Bendixen’s found a perhaps surprising source of sand—growing deposits off the coast of Greenland, accelerated by the country’s melting ice sheet. In a perspective article published in Nature Sustainability yesterday, Bendixen and her fellow authors explain that dredging up and exporting this sand could be big boost for Greenland’s economy. “Generally in the Arctic people are experiencing a lot of problems related to climate change,” she says. “We show a rare example of how the Greenlandic population can actually benefit from it.”

Along most Arctic shorelines, sand and gravel are eroding away into the ocean. As permafrost sea cliffs thaw, they become unstable and waves eat away at their sediments. In her previous research, however, Bendixen found that Greenland’s coast was actually growing larger. As temperatures warm and the country’s land ice melts, more water flows into rivers, making the current more powerful. These rivers scrape away and carry more sediment, which eventually settles along the island nation’s coast in deltas.

All this extra sand could be an opportunity for Greenland, Bendixen found. Right now, fishing is keeping the economy afloat—fish and shellfish sales make up about 90 percent of the country’s revenue. Arctic tourism is also a growing industry. The problem is, these economic sources themselves will probably not be enough to meet the welfare needs of the country’s aging population.

“Greenland has a lot of sand, and the world is lacking sand,” says Bendixen. “Our environment is build on sand—in asphalt, concrete, everything that makes up our modern cities.” As the global population grows, sand needs will continue to surge. And it’s a nonrenewable resource—each new building and road constructed uses fresh sand, usually mined from inland pits.

In 2015, Greenland gross domestic product was $2.22 billion. If tapped, the country’s sandbeds could bring the same amount of money by 2050, according to data included in the article.

Of course, sand mining off Greenland’s coast doesn’t come without environmental damage. In the process, sand is literally sucked off the bottom of the ocean and conveyed onto barges. Aside from the energy and fuel needed, dredging also directly disturbs the aquatic environment, potentially harming marine life and increasing the cloudiness of waters, which blocks light used by seagrasses. Dredging equipment has also accidentally introduced invasive species.

Bendixen doesn’t deny these impacts, and emphasizes that more studies need to done to evaluate them. “That would be something that an environmental impact assessment must address,” says Bendixen. “One of the big things [that must be considered] is how the the ecosystem and the environment are affected by this dredging.”

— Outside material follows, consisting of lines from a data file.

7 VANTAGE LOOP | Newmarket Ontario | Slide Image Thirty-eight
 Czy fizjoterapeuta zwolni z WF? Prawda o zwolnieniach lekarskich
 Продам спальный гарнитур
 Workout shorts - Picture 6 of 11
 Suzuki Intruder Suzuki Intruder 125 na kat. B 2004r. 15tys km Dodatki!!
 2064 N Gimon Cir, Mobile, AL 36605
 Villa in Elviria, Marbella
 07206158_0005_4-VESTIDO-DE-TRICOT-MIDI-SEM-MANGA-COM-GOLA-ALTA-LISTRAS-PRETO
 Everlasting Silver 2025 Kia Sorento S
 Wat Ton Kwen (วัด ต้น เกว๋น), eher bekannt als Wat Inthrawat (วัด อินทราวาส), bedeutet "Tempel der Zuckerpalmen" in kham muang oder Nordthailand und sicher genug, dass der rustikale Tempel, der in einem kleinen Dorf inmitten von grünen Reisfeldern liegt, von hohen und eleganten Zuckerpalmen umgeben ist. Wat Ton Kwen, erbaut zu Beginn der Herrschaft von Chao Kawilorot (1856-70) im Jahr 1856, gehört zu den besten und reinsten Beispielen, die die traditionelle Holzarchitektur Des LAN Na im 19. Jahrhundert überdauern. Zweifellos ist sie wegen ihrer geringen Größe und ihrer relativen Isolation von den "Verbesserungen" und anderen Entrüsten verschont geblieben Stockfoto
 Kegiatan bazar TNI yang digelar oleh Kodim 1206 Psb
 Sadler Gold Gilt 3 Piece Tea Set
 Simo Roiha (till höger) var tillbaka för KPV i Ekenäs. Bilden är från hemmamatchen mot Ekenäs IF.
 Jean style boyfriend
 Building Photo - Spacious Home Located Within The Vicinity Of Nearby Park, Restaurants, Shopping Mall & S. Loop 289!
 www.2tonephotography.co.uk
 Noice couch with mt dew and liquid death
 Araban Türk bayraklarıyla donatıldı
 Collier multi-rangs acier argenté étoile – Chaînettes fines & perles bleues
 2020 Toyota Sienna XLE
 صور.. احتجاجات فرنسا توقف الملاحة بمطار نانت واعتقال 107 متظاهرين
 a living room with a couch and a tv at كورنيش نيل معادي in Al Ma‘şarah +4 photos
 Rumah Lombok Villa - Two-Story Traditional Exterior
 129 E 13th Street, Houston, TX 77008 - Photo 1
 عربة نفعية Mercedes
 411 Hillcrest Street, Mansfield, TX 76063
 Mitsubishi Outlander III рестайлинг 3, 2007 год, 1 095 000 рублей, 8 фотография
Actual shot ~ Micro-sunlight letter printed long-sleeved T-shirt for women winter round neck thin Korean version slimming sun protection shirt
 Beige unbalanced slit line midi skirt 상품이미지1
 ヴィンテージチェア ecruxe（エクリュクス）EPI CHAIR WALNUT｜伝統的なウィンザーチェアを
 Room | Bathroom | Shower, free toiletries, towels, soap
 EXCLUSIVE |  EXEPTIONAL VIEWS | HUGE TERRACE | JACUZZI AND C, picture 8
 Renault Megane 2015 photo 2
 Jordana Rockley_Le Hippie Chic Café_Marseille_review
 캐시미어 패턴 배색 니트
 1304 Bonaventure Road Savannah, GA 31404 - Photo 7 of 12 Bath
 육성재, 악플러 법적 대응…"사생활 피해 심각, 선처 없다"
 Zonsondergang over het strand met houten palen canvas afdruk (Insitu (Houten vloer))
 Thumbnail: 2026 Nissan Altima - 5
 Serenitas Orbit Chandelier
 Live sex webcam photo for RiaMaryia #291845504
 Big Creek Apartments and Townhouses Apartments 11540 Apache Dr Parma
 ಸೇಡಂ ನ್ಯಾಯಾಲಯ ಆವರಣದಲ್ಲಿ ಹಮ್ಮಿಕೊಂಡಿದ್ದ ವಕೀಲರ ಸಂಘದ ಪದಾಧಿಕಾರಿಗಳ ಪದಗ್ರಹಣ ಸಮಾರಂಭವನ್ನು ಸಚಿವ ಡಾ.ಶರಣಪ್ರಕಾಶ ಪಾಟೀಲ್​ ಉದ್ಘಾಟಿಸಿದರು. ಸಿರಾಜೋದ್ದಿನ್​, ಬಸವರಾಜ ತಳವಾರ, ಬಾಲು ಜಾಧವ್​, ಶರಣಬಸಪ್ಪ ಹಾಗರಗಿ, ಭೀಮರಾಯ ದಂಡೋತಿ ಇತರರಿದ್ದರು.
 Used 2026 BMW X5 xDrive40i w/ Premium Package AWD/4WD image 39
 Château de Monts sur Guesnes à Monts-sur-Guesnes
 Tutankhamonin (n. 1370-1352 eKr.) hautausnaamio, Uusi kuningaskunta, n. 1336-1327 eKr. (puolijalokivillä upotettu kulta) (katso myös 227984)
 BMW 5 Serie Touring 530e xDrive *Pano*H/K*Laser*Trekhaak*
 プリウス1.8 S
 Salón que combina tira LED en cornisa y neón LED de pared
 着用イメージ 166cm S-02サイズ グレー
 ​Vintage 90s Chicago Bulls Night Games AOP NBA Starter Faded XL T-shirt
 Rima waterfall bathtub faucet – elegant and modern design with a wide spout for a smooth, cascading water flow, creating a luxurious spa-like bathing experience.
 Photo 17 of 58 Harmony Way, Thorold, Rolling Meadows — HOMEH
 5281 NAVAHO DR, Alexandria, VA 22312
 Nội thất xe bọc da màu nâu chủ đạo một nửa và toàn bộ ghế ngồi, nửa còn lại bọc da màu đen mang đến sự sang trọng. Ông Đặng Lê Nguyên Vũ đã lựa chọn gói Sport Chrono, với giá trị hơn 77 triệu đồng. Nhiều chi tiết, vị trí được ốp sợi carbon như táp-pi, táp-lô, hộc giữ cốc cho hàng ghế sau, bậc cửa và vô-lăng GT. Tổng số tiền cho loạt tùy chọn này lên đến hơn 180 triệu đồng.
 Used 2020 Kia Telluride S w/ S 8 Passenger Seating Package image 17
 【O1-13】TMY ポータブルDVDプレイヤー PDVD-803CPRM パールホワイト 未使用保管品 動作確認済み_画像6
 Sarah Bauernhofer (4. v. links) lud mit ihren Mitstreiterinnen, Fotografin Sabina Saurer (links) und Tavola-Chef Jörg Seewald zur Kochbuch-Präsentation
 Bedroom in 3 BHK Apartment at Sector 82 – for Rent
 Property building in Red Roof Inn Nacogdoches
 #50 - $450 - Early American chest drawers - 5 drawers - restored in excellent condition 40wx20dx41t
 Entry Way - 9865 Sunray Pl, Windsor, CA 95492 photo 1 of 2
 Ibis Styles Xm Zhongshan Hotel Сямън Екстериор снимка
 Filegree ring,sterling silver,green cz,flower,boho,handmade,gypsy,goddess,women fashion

She acknowledges that the report is controversial, and is expecting to find people who disagree with the sand mining proposal. However, she sees herself as having discovered an option, rather than recommending a definite course of action. “We’re actually just natural scientists who discovered this,” she says. “We want to discuss it with the Greenlandic policymakers, just to let them know that this is an option.” It might also be an option for the rest of the world: another path to essential silica, theoretically without the violence.